The main reproach leveled by Nietzsche against Wagner is that of sickliness, decadence. It comes from his natural ill health, which, on the other hand, is propitious for prophesy. Nietzsche not only saw the sickness, but he also saw how the weft began to move, because both quivered in his own entrails. His genius was formed by both, and he has brilliantly affirmed and denied both.
The difficulty cannot be resolved; it resides in the climate, not in individuals. We may refer to it by way of an image. A frozen lake can be crossed; this is one of the symbols coined by Nietzsche. The ice forms the shell, a crystal of solid forms.

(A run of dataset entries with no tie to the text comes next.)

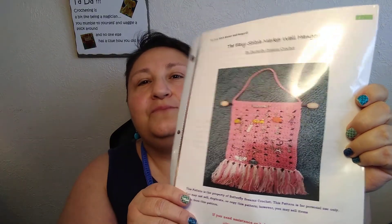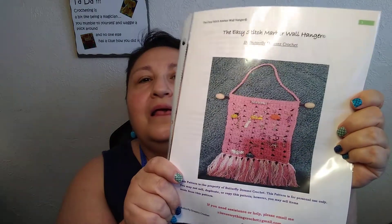But that's not all I won. I won Distinctive Crochet's drawing for the Butterfly Dreams pattern, so I won the Butterfly Dreams pattern from Priscilla at Distinctive Crochet. It's the pattern of the wall hanging for the stitch markers. My printer went a little crazy with the pink there, but I'm so excited to make this because now my wall is bare and it would be wonderful to put the stitch marker holder right up here on my wall.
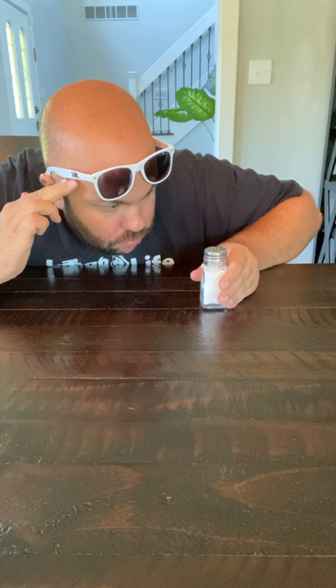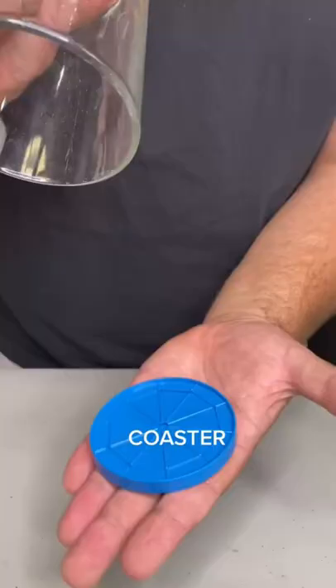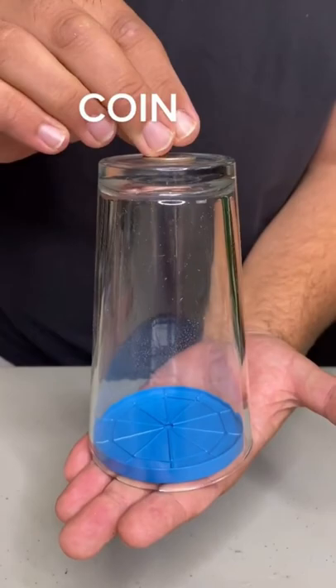Watch the salt shaker sitting on the table — if I just concentrate... coasterless coin.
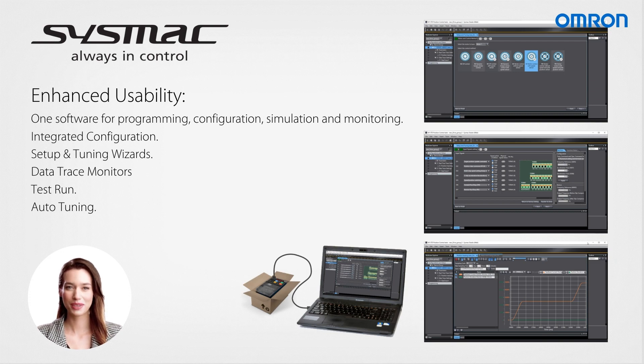Moreover, the M1 allows for straightforward programming without the need for an external power supply to the inverter. Simply plug it into a USB port on your PC, initiate the programming process, and experience the convenience of commissioning.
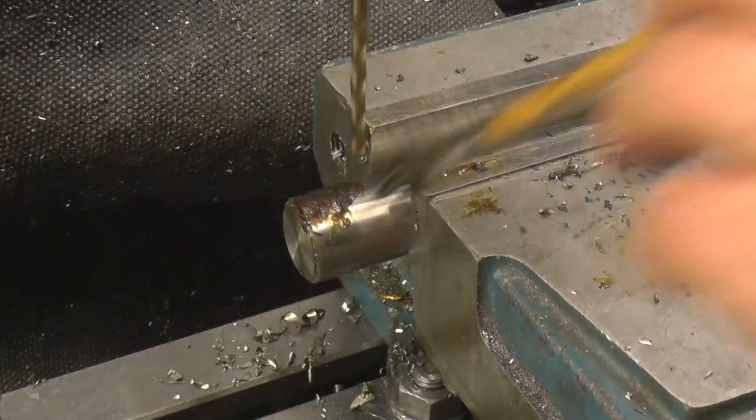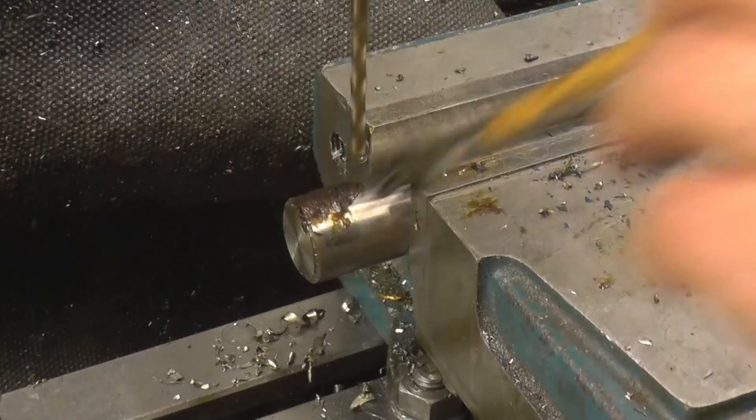This is AN24 steel — decent stuff. If it works on that it's at least somewhat capable on tougher material.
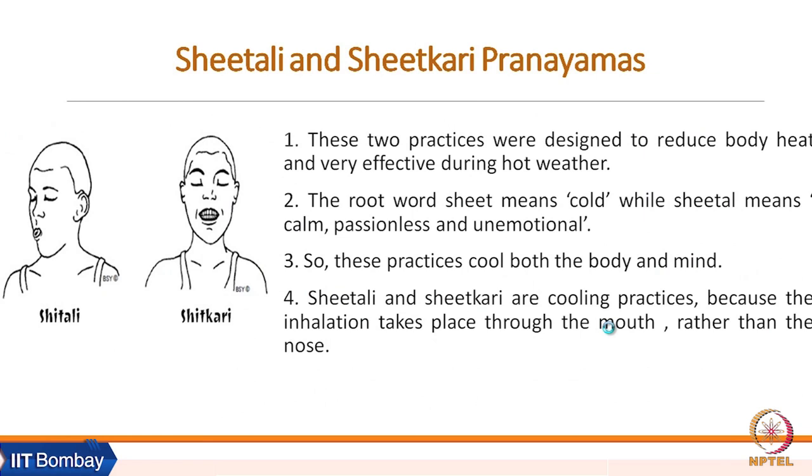Shitali and Shitkari pranayamas are two examples of tranquilizing pranayamas. These two practices were designed to reduce body heat and are very effective during hot weather. The root word is 'Shita' — not the English word — which means cold, while 'Shital' means calm, passionless, and unemotional.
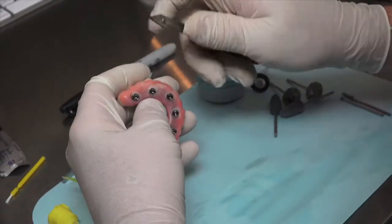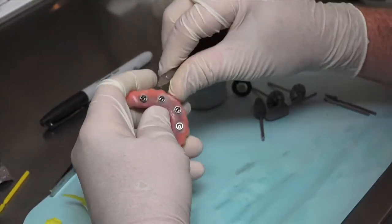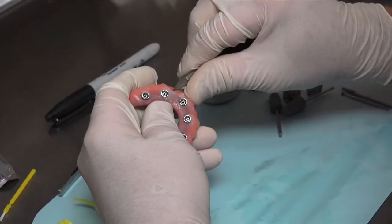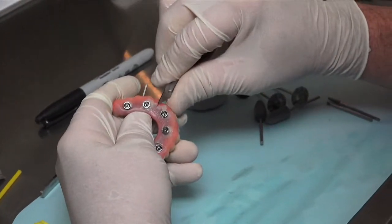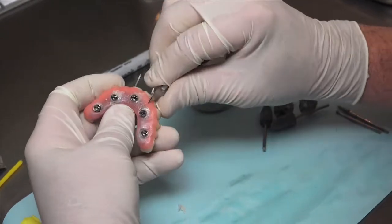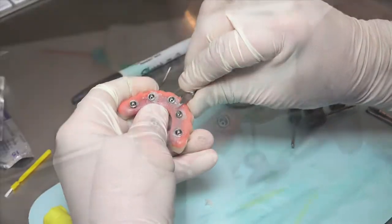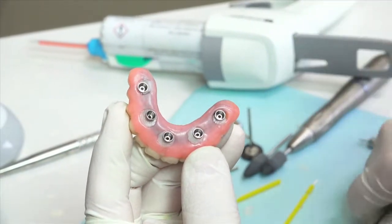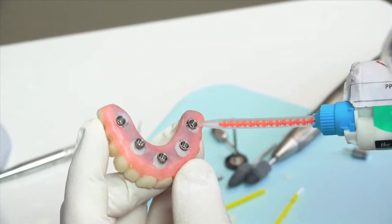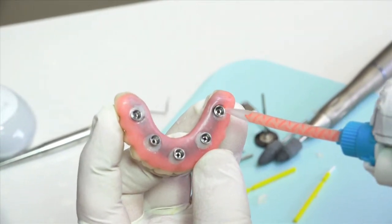To finalize the long-term provisional for delivery, remove any flash from the tissue side of the provisional. Because a light coat of Vaseline was previously applied to the provisional, it can be easily and quickly removed. Ideally, you don't want any acrylic on the actual collar of temporary copings. Once the excess flash has been removed, look for any voids and or any areas that may need additional material. The objective is to have a smooth and hygienic transition from the provisional up to the metal margin of the temporary cylinders.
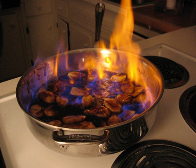For safety, it is recommended that alcohol not be added to a pan on a burner, and that the cook use a long fireplace match to ignite the pan.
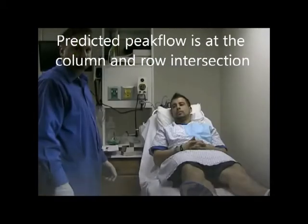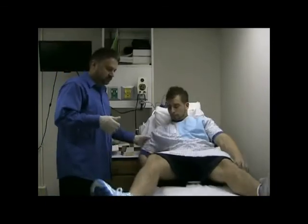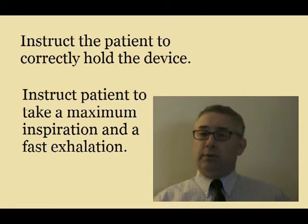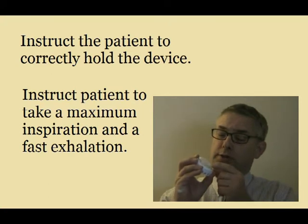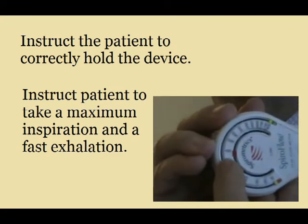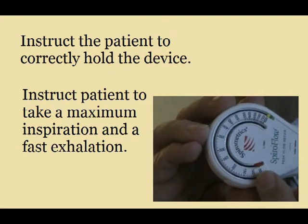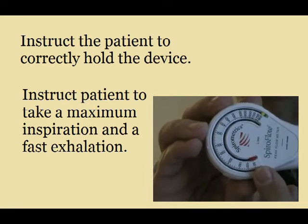Next, get the patient in the best possible position, such as sitting on the side of the bed or standing up. I'm going to have you sit on the side of the bed here. When you do a peak flow, you'll start with one thing first: take and set the indicator back to zero. We will move that red dot all the way down to the lowest possible reading — in this case, 50 liters per minute.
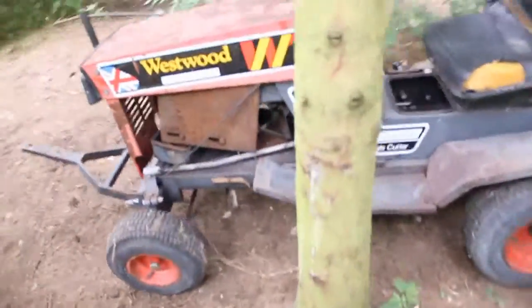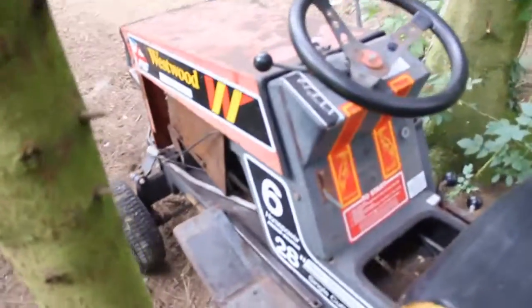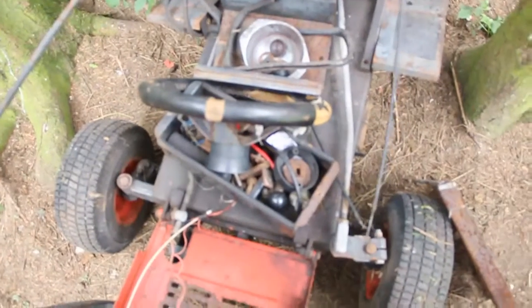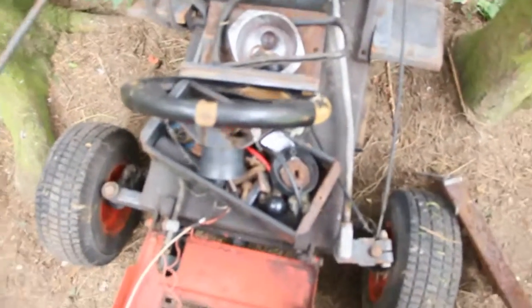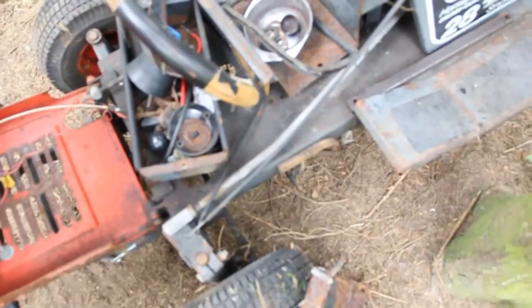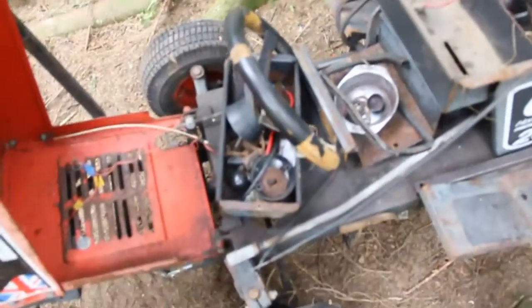Greetings subscribers and hopefully future subscribers! Today I'm going to pull this old 6-horsepower Westwood up to my workshop where it can have some work done to it. It's missing the engine. This thing is going to be pulled up to my workshop — it's just down in the woodland area here — and I'm going to look for an engine for it and try and get it running.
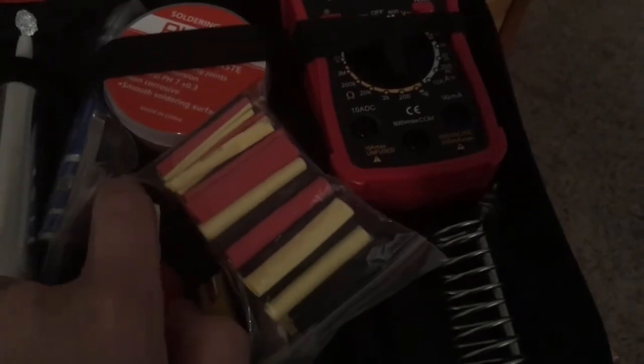And here it is, back together. You also get this little red thing that kind of looks like a Swiss army knife — I'm thinking this is meant to get the metal out. That's the paste. And that's it — that's what you get in the kit.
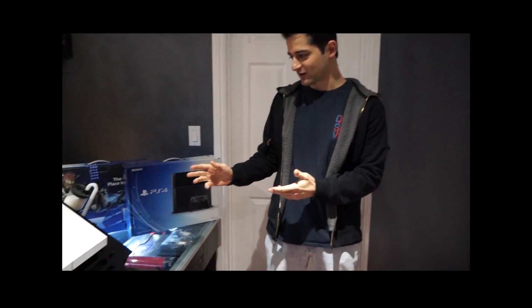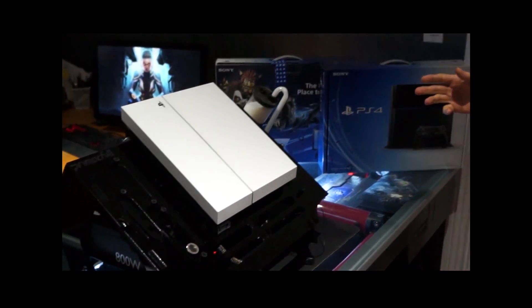Hi, this is Beta Dre with PBK, and this is the long awaited Watercool PS4.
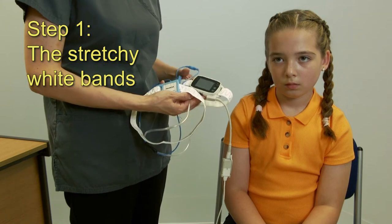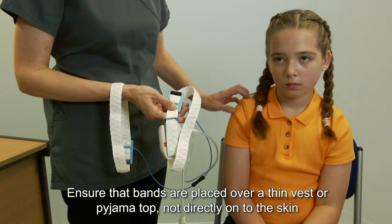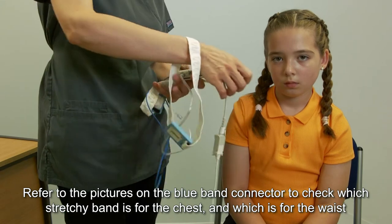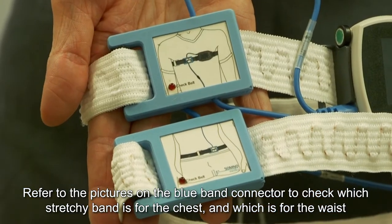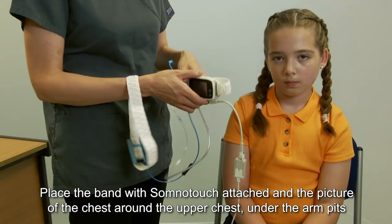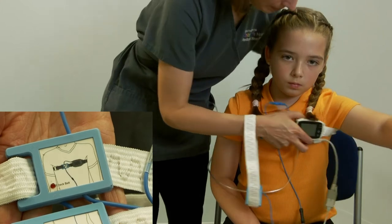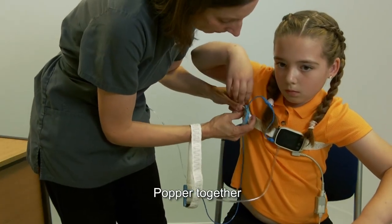Step one: the stretchy white bands. Ensure the bands are placed over a thin vest or pyjama top, not directly on the skin. Refer to the pictures on the blue band connector to check which stretchy band is for the chest and which is for the waist. Place the band with the SomnoTouch attached and the picture of the chest around the upper chest, under the armpits, and pop it together.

When a warm wind blows, then the ice breaks up and, finally, you cannot walk on it. The great form, consequently, the supporting form, becomes soft and deceptive. This state of affairs is reproduced, by analogy, in microclimates even in the formation of crystals, even of atoms. In a glass of water, right at the line around the freezing point, the crystals form and deliquesce following minimal fluctuations, so that confusion is produced. There is a border before which we can no longer decide whether this or that body is at the point of melting or of sublimating, if it is moribund or in statu nascendi.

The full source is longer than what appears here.